(September 20, 2012 at 2:57 pm)Faith No More Wrote: True, it could be an emotional state, but no, I was referring to being able to perceive personal experiences as valid or not. For example, a poster came by here once claiming that he had become unsure of god's existence and was having doubts about his faith, however, he still went to church. One day he was surrounded by church members who started praying for him, and he felt an overwhelming warm presence that he concluded must be god. I believe he even said he was knocked to his feet by it. Any attempt to explain to him that his brain was a highly flawed organ and it was most likely a flawed experience was dismissed.

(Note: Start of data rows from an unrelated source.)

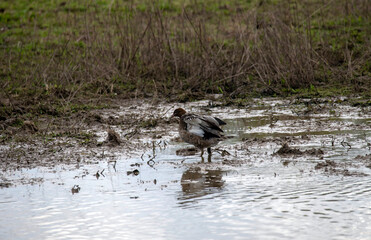 Australian Wood Duck (Chenonetta jubata)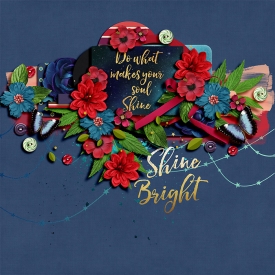 ShineBright_leah1.jpg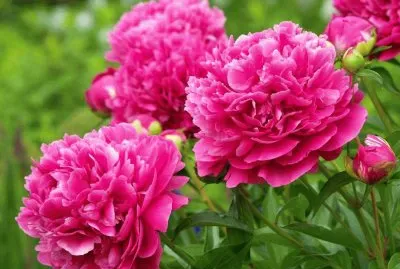 imagens jigsaw puzzle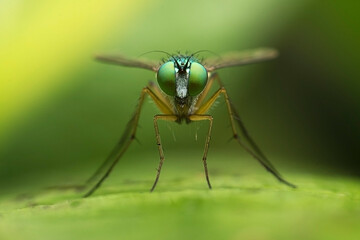 Macro straight face shot of Long leg fly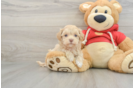 Friendly Maltipoo Baby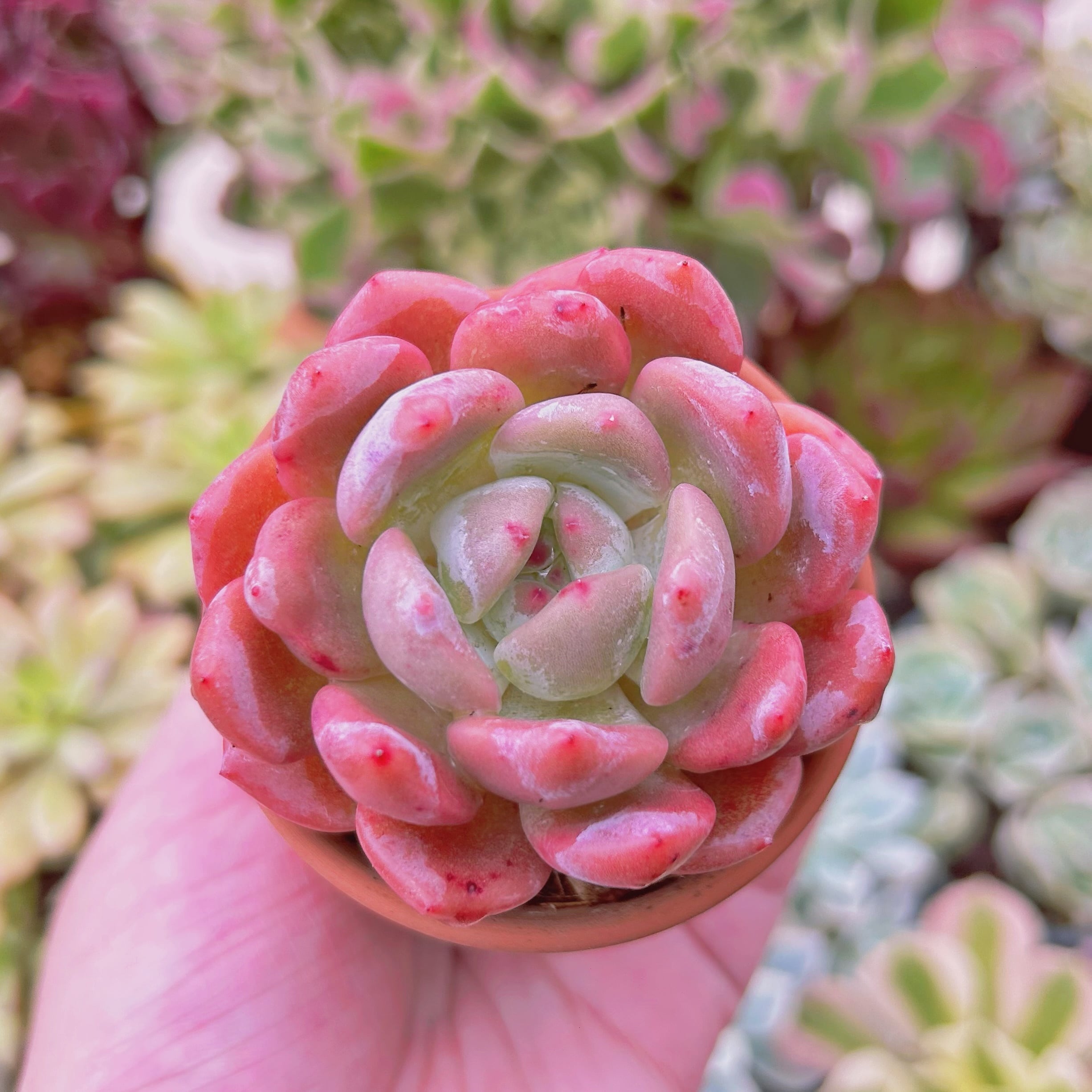 多肉植物 新品種 Echeveria レッドストーン | るる農園~多肉植物専門 多肉植物 新品種 Echeveria レッドストーン | るる農園~多肉植物専門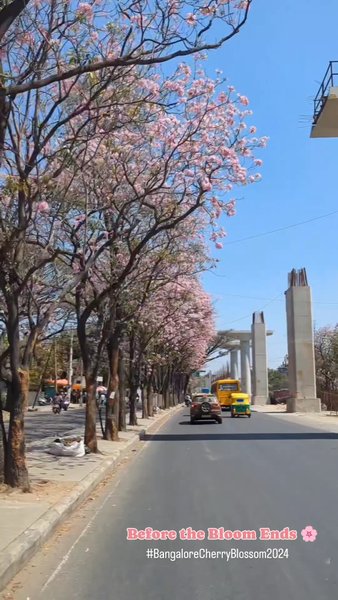 Photo of Bangalore & Cherry B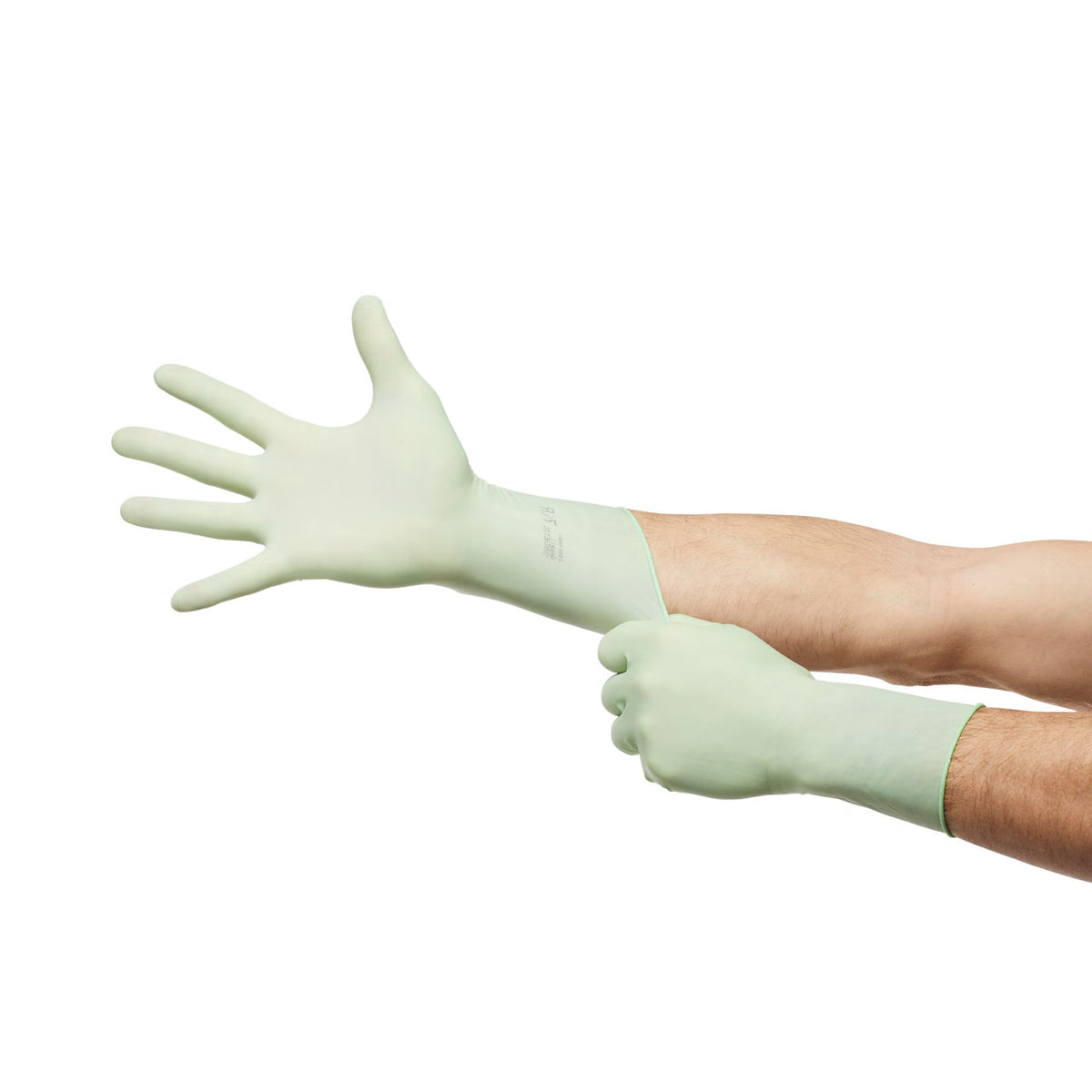 McKesson Perry® Performance Plus Polyisoprene Surgical Glove, Size 7, Green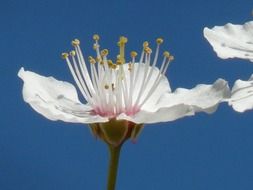 white flower of a wild plum closeup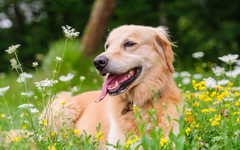 Прогноза за времето - 23 април 2026 г. (четвъртък)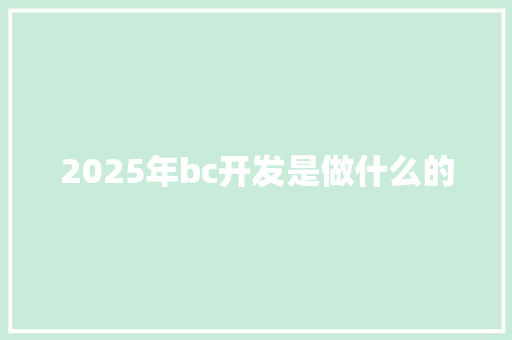 2025年bc开发是做什么的 毕业设计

Nearly every theist eventually will stop arguing their religion from a point of logic and claim that god is present in their lives, and that his how he/she knows god exists. It is they that rely too highly on their cognitive faculties.
That's my point. Is that "personal experience" a part of the cognitive faculties? Or is it the point where you analyze the experience that cognition comes in.
cog·ni·tion
Noun:
The mental action or process of acquiring knowledge and understanding through thought, experience, and the senses.
Experience - pure experience - is not prima facie knowledge unless it has been processed and analyzed by our mind. The personal experience your theist felt was the result a complicated social situation and represented just a warm feeling and a presence. Using his cognitive faculties would have required him to analyze that experience. But he skipped that part and took it as the prima facie evidence of god.
I'm saying that when theists say that they feel the presence of god, they are not using their cognitive abilities. The feeling itself may very well be a result of their cognitive abilities - such as the subconscious processing the information - but since they didn't use their cognitive faculties and jumped straight to the conclusion, that is not where the fault lies.